2.4. Restrictions. The Company shall not be required to issue any shares of
Common Stock under this Warrant if the issuance of such shares would constitute
a violation by the Company of any provision of any law, rule or regulation of
(i) any governmental authority, including without limitation, compliance with
the Xxxx-Xxxxx-Xxxxxx Antitrust Improvements Act of 1976, as amended (the "HSR
Act"), and compliance with registration or qualification requirements of
applicable federal and state securities laws or (ii) any applicable self
governing organization or stock exchange, including without limitation, the
rules, regulations or listing requirements of any such organization or stock
exchange. If at any time the Company shall determine, based upon the advice of
counsel, that the registration, qualification or listing of any shares subject
to this Warrant under any applicable state or federal law or other applicable
rules or regulations (including those of any applicable stock exchange), or any
filing or expiration of any waiting period under the HSR Act, is necessary as a
condition of, or in connection with, the issuance of shares, the Company shall
not be required to issue any shares of Common Stock under this Warrant unless
and until the Company has received evidence reasonably satisfactory to it that
such laws, rules or regulations have been complied with and/or such filing has
been made and the applicable waiting period has expired under the HSR Act.
2.5. Payment of Taxes.
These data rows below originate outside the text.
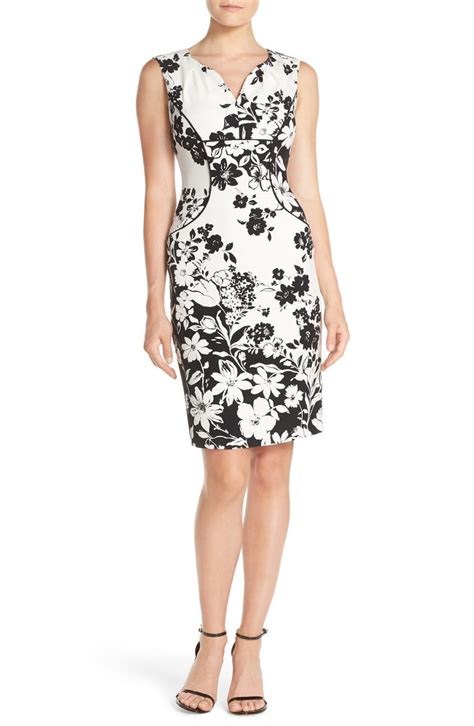 Adrianna Papell Floral Print Sheath Dress Nordstrom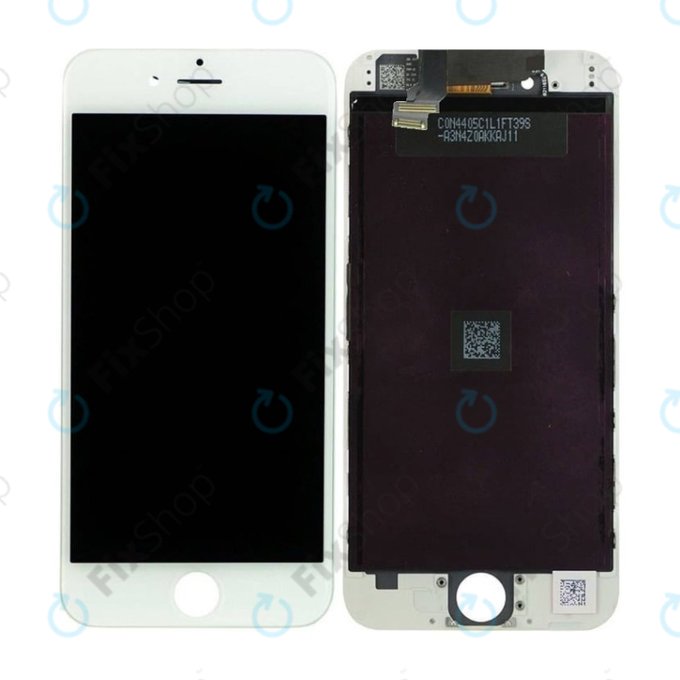 Displej In-Cell pro iPhone 6, White, Dotykové sklo s rámem, FixPremium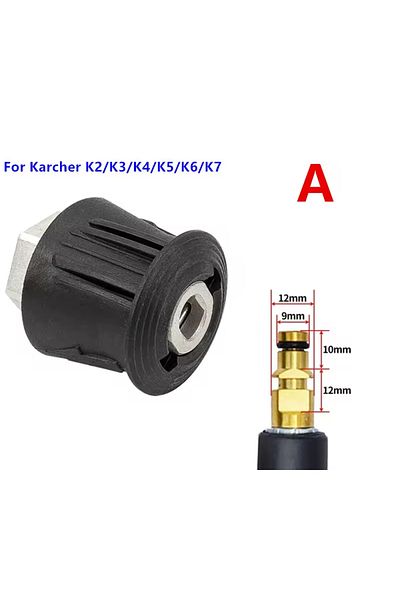Choice For Karcher Metal Metal Coupler Hose Connector Flexible Quick Release Adapter M22-14 Pressure Washer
The Company shall pay all stamp taxes and other
similar charges with respect to the issue or delivery of Common Stock hereunder.
The Company shall not be required to pay any transfer tax or other similar
charge imposed in connection with the issue of any stock certificate in any name
other than that of the Warrantholder, and in such case the Company shall not be
required to issue or deliver any stock certificate until such tax or other
charge has been paid or it has been established to the reasonable satisfaction
of the Company that no such tax or other charge is due.
2.6. Fractional Shares. The Company shall not be required to issue any
fractional shares of Common Stock upon exercise of this Warrant. In lieu of any
fractional share to which the Warrantholder would otherwise be entitled upon
exercise of this Warrant, the Company shall make a cash payment in an amount
equal to the product of (a) the Closing Price per share of Common Stock on the
date of exercise multiplied by (b) the fraction of a share.
III. ADJUSTMENTS
3.1. Subdivision or Combination of Common Stock. If the Company at any time
subdivides (by any stock split, stock dividend, recapitalization or otherwise)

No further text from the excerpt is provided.